ELECTIONS

Republicans line up to challenge Elizabeth Warren for Senate

Joseph Weber

Sen. Elizabeth Warren may have her eyes on a 2020 White House bid, but first she'll have to make it through her own Senate re-election – and several Republicans are competing for a shot to challenge her. 

Already this month, two Massachusetts Republicans, including a former Mitt Romney aide, have entered the race to unseat the progressive torchbearer, though with decidedly different strategies.

State Rep. Geoff Diehl, a co-chairman for Donald Trump’s 2016 Massachusetts campaign, is running on a Trump-style platform based largely on creating jobs, helping veterans and ending sanctuary cities for illegal immigrants.

“I want to work in Washington to make sure those things happen,” Diehl, whose campaign includes red “Make America Great Again”-style hats, recently told “Fox & Friends.”

He comes armed with a familiar line of attack on Warren, who is seeking a second term, portraying her as a taxpayer’s nightmare who has ignored Massachusetts voters in her pursuit of national name-recognition.

“Elizabeth Warren promised just a few weeks ago that she’d spend all of her time and energy focused on Massachusetts,” Diehl said. “It’s very clear she’s using Massachusetts as a stepping stone for president of the United States in 2020.”

Beth Lindstrom, a staffer in then-Massachusetts GOP Gov. Mitt Romney’s administration, on Monday became the latest GOP challenger, saying she’s “all in” for the 2018 race.

However, she doesn’t appear to be building a campaign in the mold of Trump’s -- expressing disdain for political “name calling” and portraying herself a moderate in a largely liberal state whose voters have shown willingness to elect the occasional Republican to high office.

"Don't get me wrong. There is a time and a place for arguing your point of view. But eventually we have to stop finger-pointing and solve the problem," Lindstrom, a self-described "independent-minded Republican," said in a YouTube announcement.

Warren repeatedly has brushed off talk of a presidential bid. But she has traveled across the country in support of sanctuary cities, so-called "single-payer" health care and other aspects of her progressive agenda, as chronicled in Diehl’s Twitter feed and Where’s Warren Facebook page.  

Warren’s re-election campaign said Tuesday that the senator, so far unopposed in the party primary, is ready for re-election and rejected the notion that she’s an absentee politician.

“Senator Warren is taking nothing for granted as she builds a strong grassroots campaign across Massachusetts,” campaign spokeswoman Kristen Orthman told Fox News. “She will continue her work in the U.S. Senate standing up for working families against powerful corporate interests.”

Orthman also pointed out that Warren announced her re-election back in January and that she’s already held 10 town hall-style events this year across the state, with three such stops scheduled Wednesday on the state’s south coast.

Bob Gray, president and founder of Boston-based Gray Media, acknowledged Tuesday that Massachusetts residents, most of whom are unaffiliated voters, typically cast ballots for Democrats but have picked Republicans in statewide races, including Romney. The state's current governor, Charlie Baker, also is a Republican. 

“That’s likely because voters want a Republican to check on the Democratic-controlled legislature,” Gray said. “But they’re turned off by Republicans in federal races, especially over social issues."

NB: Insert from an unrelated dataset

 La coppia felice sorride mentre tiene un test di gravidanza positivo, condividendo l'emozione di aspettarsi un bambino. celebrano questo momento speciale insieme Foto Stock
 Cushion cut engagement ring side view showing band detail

He thinks Warren and her deep-pocketed campaign will be tough to beat but that Dielh or Lindstrom are capable, with Diehl perhaps having the early advantage as a result of better name recognition.

Warren has $11 million in her campaign account through the end of June, compared with $260,000 for Diehl and $28,000 for Shiva Ayyadurai, another GOP candidate and a technology entrepreneur, according to Federal Election Commission records.

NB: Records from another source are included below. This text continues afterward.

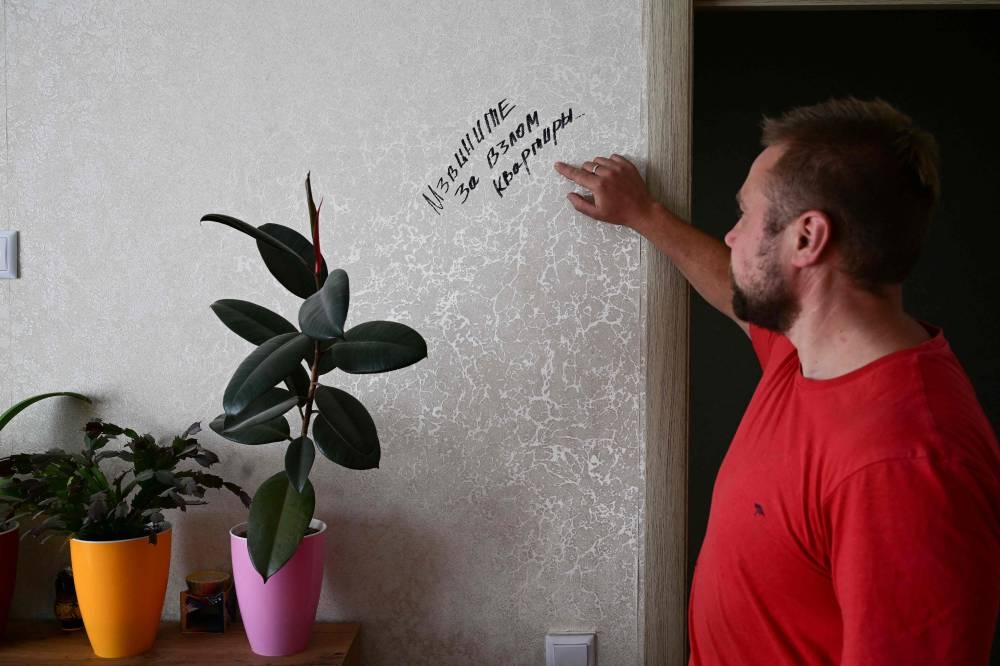 Biologist and gardener Yevgen Yelpitiforov, 37 years old, shows an inscription wrote in Russian on the wall of an apartment in Bucha, Kyiv region, that reads ‘Sorry for breaking down the door’, in one of houses and apartments entrusted to him by people who fled the war, on July 1, 2022. — AFP pic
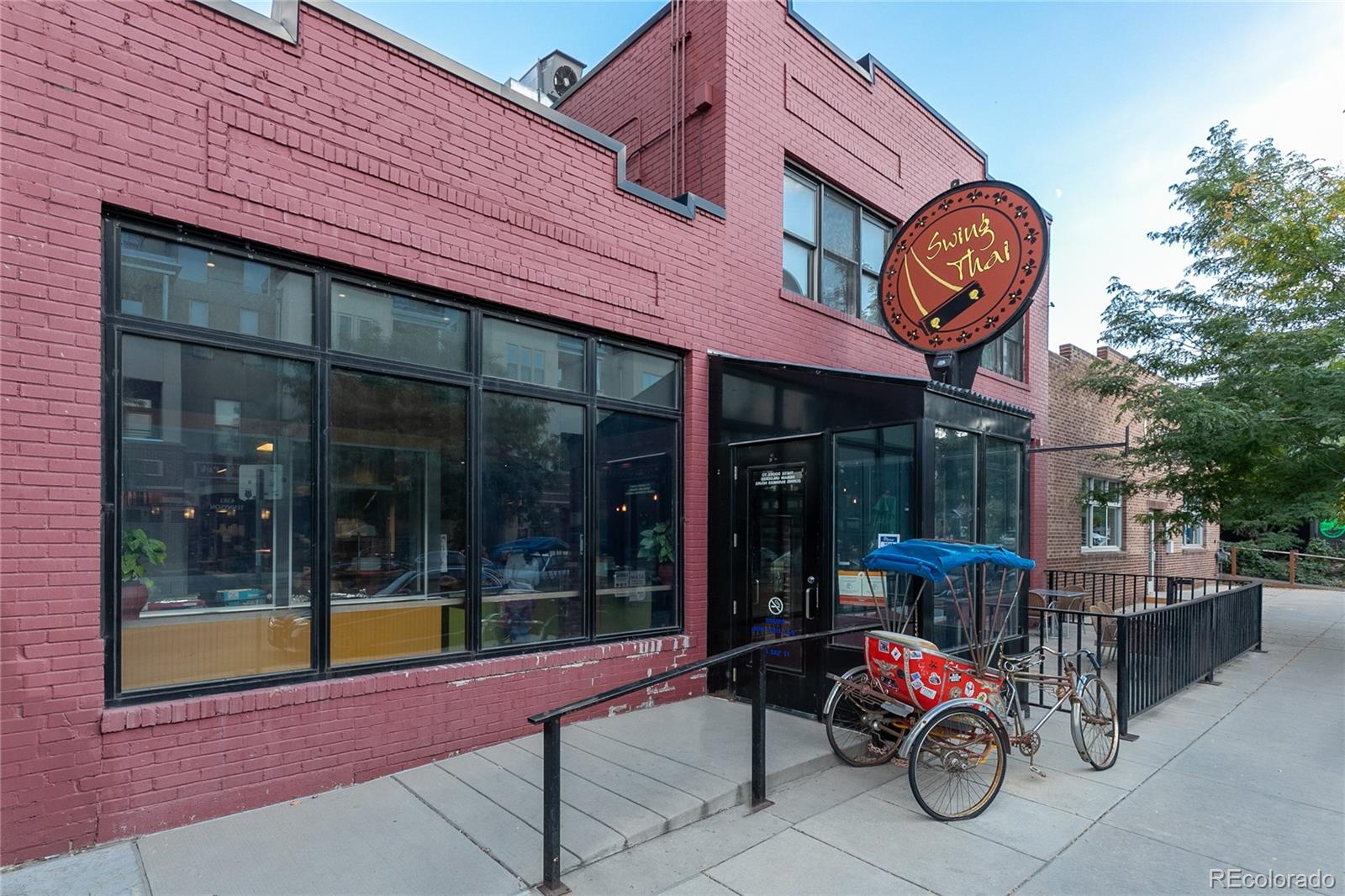 4511 Perry Street Denver, CO 80212 - Photo 31 of 36 a front view of a building with table and chairs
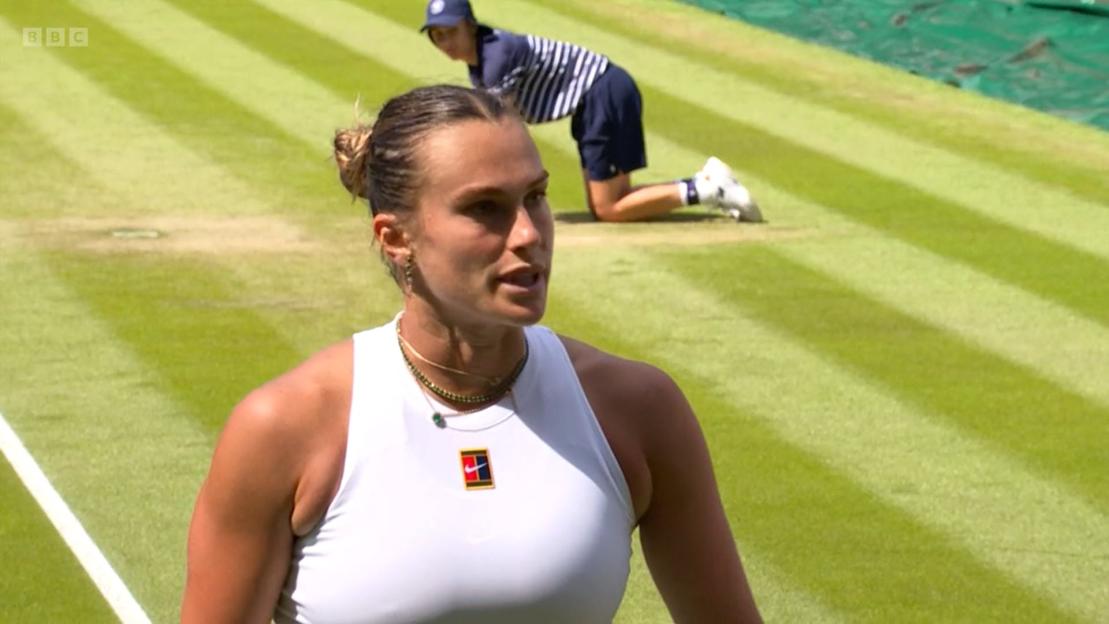 Aryna Sabalenka on a tennis court.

Though presidents typically stay out of their party’s primaries, Gray pointed out that Trump has already defied that convention and mused that he could be a factor in Massachusetts.

“Trump probably wouldn’t mind taking a bit out of Warren, and Diehl might be the vehicle,” he said.

Lindstrom made no mention of Trump in the video. But she criticized his response to the violence earlier this month in Charlottesville, Va., that began with a white supremacist rally.

Lindstrom served as director of consumer affairs and business regulations under Romney and later as executive director of the Massachusetts Lottery. She also was the first woman to serve as the party's state director.

Massachusetts business executive John Kingston is also considering a run in the GOP Senate primary. 

The Associated Press contributed to this report.